About the Project
EUMARGINS investigates experiences of young adult immigrants in seven urban-metropolitan areas in seven different European countries: Norway (Oslo), Sweden (Gothenburg), the United Kingdom (London), Italy (Genoa), France (Metz/Nancy), Spain (Barcelona) and Estonia (Tallinn). Briefly, the research project seeks to find out what it is that hinders inclusion of young adult immigrants in some European countries, and what it is that opens up for it.
The project lasts for 3 years; from October 2008 to October 2011.
Both exclusion caused by macro structures such as the national and EU policies, and exclusion caused by micro structures such as neighbourhoods, schools, family networks and peer groups are studied. And maybe young people sometimes willingly contribute to their own exclusion? The main social domains of analysis are the educational system and the labour market. In addition, leisure time activities and/or socio-political activism as well as the role of neighbourhoods and other networks are included in the analysis.

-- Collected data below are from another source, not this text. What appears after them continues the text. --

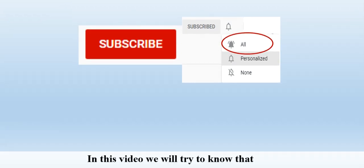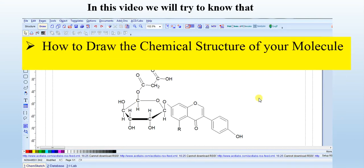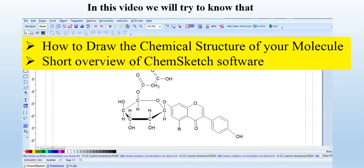In this video, we will try to learn how to draw a chemical structure of your molecules, and we will give a written overview of the Chemist software. Because if you are working on any molecule or compound, you must know the chemical structure of that compound and how to draw it. So let's start.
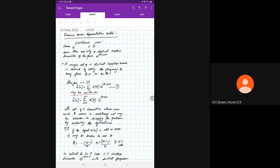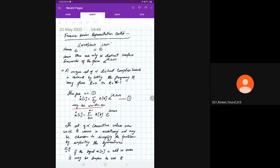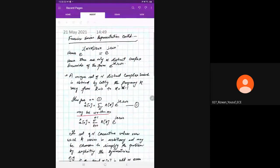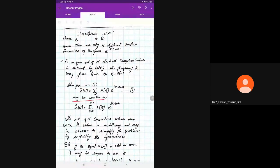This lecture is in continuation with our previous lecture on Fourier series representation. We had reached a point where we found that e raised to the power j(n+k)·ω equals e raised to the power j·ω·n. This conclusion tells us that there are only N distinct complex sinusoids of the form e raised to the power j·k·ω·n.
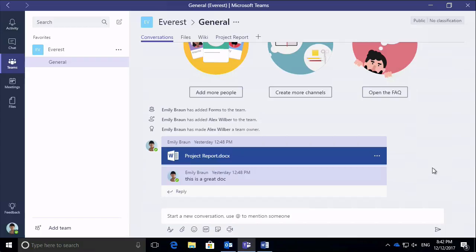Alright, so I'm starting out here in my Microsoft team and I'm an owner of the team. Now you need to be an owner to do all of the things I'm going to show you today.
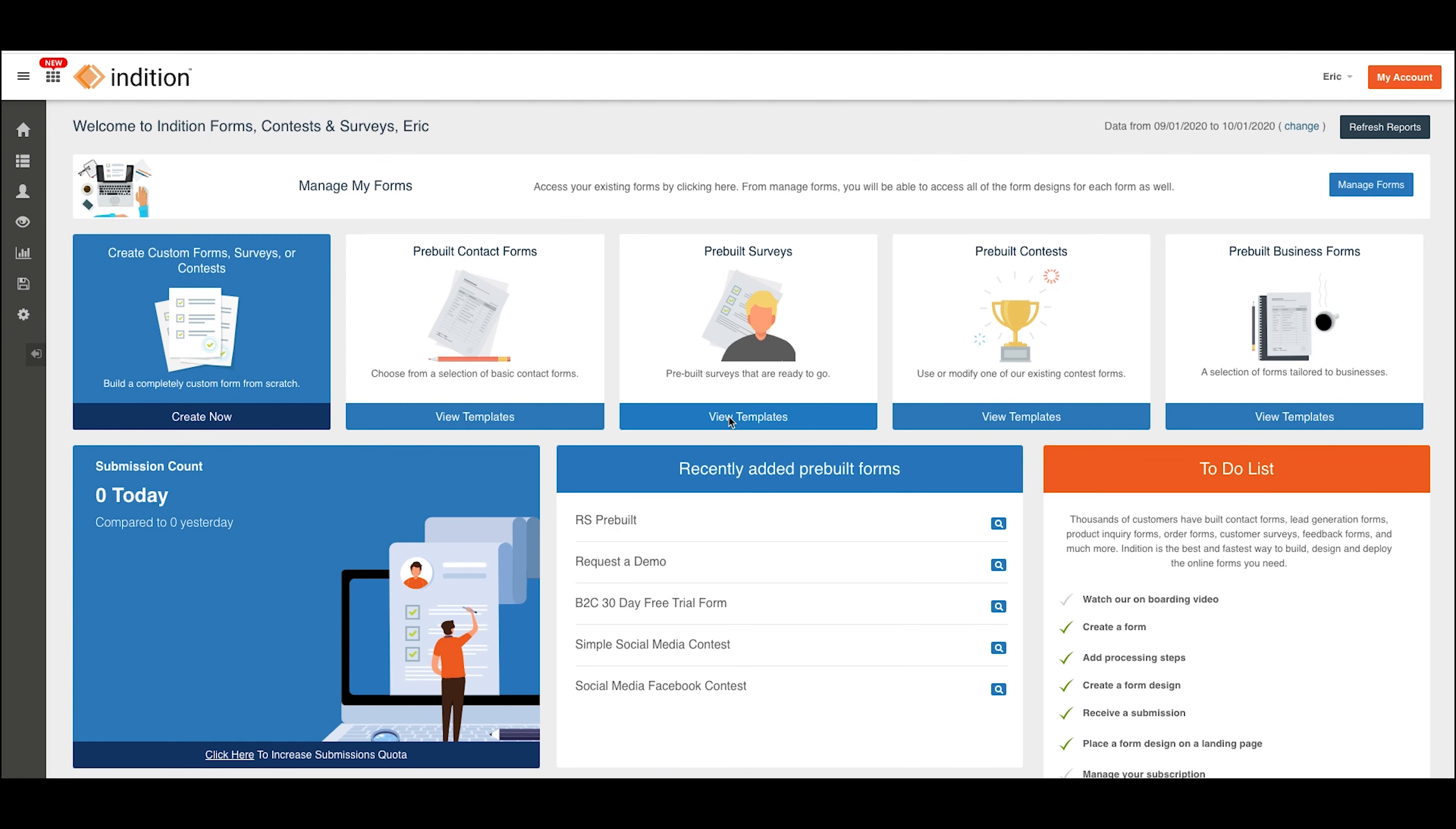Today we're going to walk through how to retrieve the embed codes for your forms built in InVision forms. This is going to allow you to take a form built here and place it on an external site. There are various different locations to find these embed codes, and we're going to walk through each of those here.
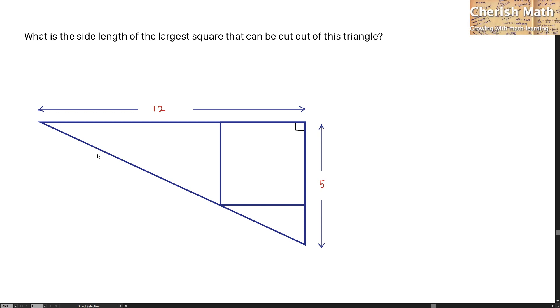Hi from Chavez Math. This is the problem for today: What is the side length of the large square that can be cut out of this triangle?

Young adult immigrants is a diverse group of people, and therefore EUMARGINS studies a broad spectrum of cases in each country. This enables us to see how young immigrants with different positions in society experience different forms of barriers and opportunities. The researchers seek to overcome traditional perceptions attached to so-called most and least marginalised people. This is done by means of interviewing young immigrants labelled as marginalised about experiences of inclusion, and those who are in high-status educational tracks or in high-status jobs about their possible experiences of exclusion.
EUMARGINS is primarily a qualitative project, but quantitative data also play an important role. Analysis of existing statistics is therefore used in combination with life story interviews and participant observation. This combination of method enables us to seize the complexity of the processes of inclusion and exclusion, as well as the transition between these two. The research is based upon the belief that individuals may be included in some arenas, but at the same time excluded from other arenas, and that these situations are changing during the course of a lifetime.